Le visage obscur des chefs cuisiniers
Perçus comme des vedettes, les chefs cuisiniers sont loin d’avoir une vie rêvée. On dépeint peu souvent le côté sombre de leur métier, qui en amène plusieurs à sombrer dans l’alcool, la drogue et les problèmes financiers.
Plusieurs cuistots sont touchés par des problèmes d’alcool, de drogue ou d’argent
En vérité? C’est un métier «difficile», qui «magane», qui n’est «pas fait pour tout le monde» et dans lequel tu peux «l’échapper» facilement, racontent les chefs les plus populaires du Québec.
«Ce n’est pas ce qu’on nous montre à la télé», affirme le chef du Bistro B, Maxime Fouquet. Maintenant sobre, il explique que l’obsession de la cuisine l’a mené dans les bas fonds de l’alcoolisme et à une tentative de suicide. «Le stress n’est pas faussé, mais l’image, oui», décrit-il.
L’horreur
Pour les chefs propriétaires, la compétition est féroce, les marges de profit sont minces et les cuisines sont des endroits où le vice est à proximité. «On travaille la nuit, il y a de l’alcool. C’est toujours plus propice», expliquent les chefs du Joe Beef, David McMillan et Frédéric Morin, soulignant que 50 % de leur travail était de vendre de la bouffe et l’autre 50 % de vendre de la drogue légale, «du bonheur».
Investir son argent, c’est «oser se mettre les deux mains dans la merde», racontent certains chefs comme le jeune chef John Mike qui a ouvert le restaurant Tripes et Caviar à Verdun il y a deux ans. Il admet que «c’est dur en crisse». «Ce qu’on nous montre à la télé, ce n’est pas “fair”. La jeune génération, elle se fait mentir en pleine face.»
Selon Giovanni Apollo, être restaurateur, c’est faire «abstraction de soi». Se considérant chanceux de n’être jamais tombé dans la coke ou avoir eu de problème d’alcool, ce dernier mentionne que «c’est la vie de famille qui a écopé». Être chef, oui, mais restaurateur «c’est l’horreur, avoue l’homme. Il faut avoir beaucoup d’argent». Le chef du Pastaga, Martin Juneau, croit de son côté que le «métier est toujours méconnu», qu’il s’agit en vérité d’une profession «où toutes les portes sont ouvertes pour tomber».
Être dédié
Vrai, il faut mettre «ses couilles sur la table», soutient le chef Danny Saint-Pierre. Cependant, il clame qu’il s’agit du «plus beau métier du monde» lorsqu’on est «dédié». «Être cuisinier, ce n’est pas être dans de la barbe à papa», illustre le chef.
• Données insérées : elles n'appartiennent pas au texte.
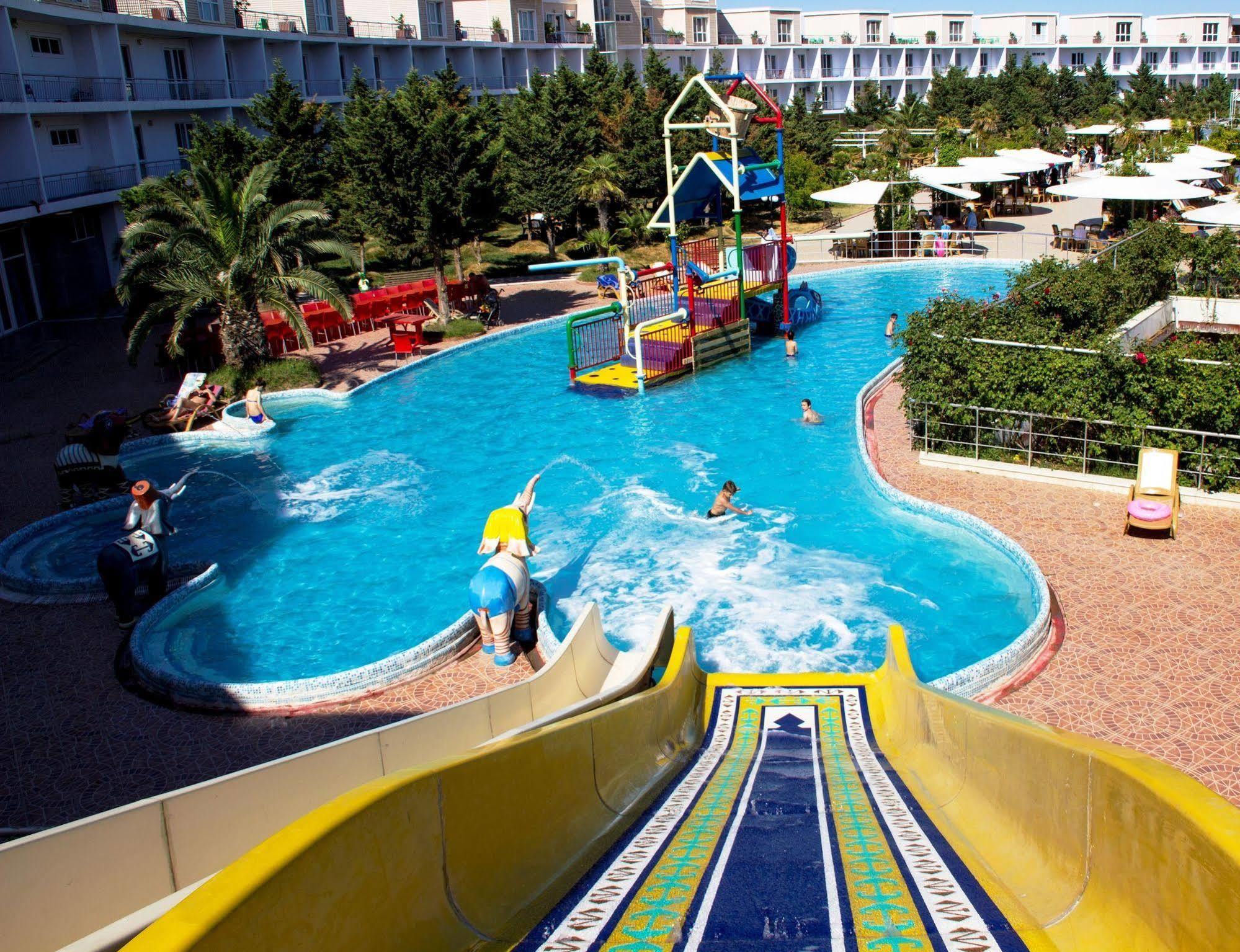 Af Hotel Aqua Park Family Resort Complex Новханы Экстерьер фото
Un point de vue partagé par le chef du Toast!, Christian Lemelin. «Ce n’est pas glam, c’est excessivement difficile», mentionne le propriétaire.
LA VIE DE STAR?
Revues, émissions de télé, capsules web: l’image du chef cuisinier a changé au point qu’ils sont devenus des «rock stars».
Plus tôt cet hiver, Giovanni Apollo dansait à l’émission Ce soir tout est permis avec Éric Salvail, loin des cuisines. «Ça fait tellement du bien, laisse tomber le chef. Ça peut paraître cliché, mais j’aime le monde et on veut se faire aimer.»
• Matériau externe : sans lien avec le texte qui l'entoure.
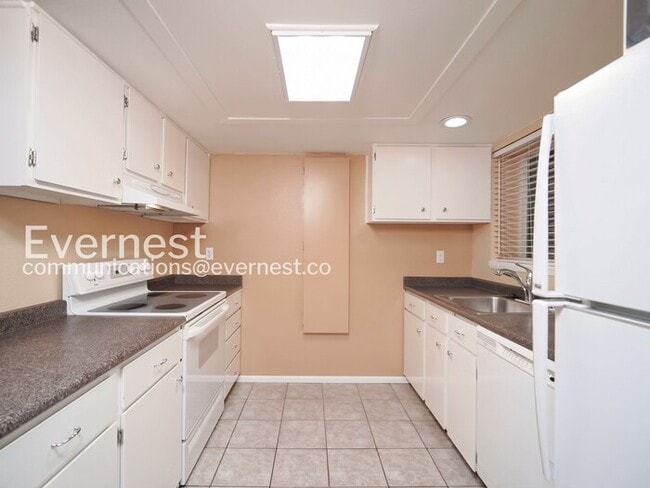 Building Photo - 1 Bed, 1 Bath Condo with Carport / Vouchers Accepted / Coming Soon!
Cependant, seuls une minorité de chefs réussissent à être sous les projecteurs.
«C’est une autre carrière. C’est en parallèle, mais tu n’es pas obligé d’aller là. Je me dis, si je ne le fais pas, il y a quelqu’un d’autre qui va le faire», relate Martin Juneau qui participe à plusieurs concepts à V télé.
Toutefois, la plupart des productions de cuisine ne sont pas animées par des «chefs cuisiniers». Par exemple, Josée di Stasio, Christian Bégin, Marilou et Ricardo n’ont jamais été à la tête d’un restaurant.
«Oui, ils sont épicuriens, ils tripent sur la bouffe, ce sont des foodies, ils savent de quoi ils parlent. Toutefois, ce ne sont pas des cuisiniers pour autant. Trouver de véritables chefs qui font de la télé, il y en a pas beaucoup», précise Martin Juneau.
Bénéfique
À l’antenne de l’émission de «service» Qu’est-ce qu’on mange pour souper, Danny Saint-Pierre estime que la télévision est une excellente tribune qui sert avant tout le public. «Je veux que tout le monde cuisine», dit-il.
Reste que le vedettariat rattaché à la télévision apporte son lot de bénéfices, et ce, sous toutes ses formes.
«Je peux être au gym et je me fais demander une recette de gâteau. C’est drôle», mentionne Isabelle Plante de l’émission Les Chefs, signalant qu’elle peut enfin faire un peu d’argent grâce à de petits contrats. «C’est juste du positif qui m’arrive. Je reçois des offres incroyables. Le téléphone n’arrête pas de sonner».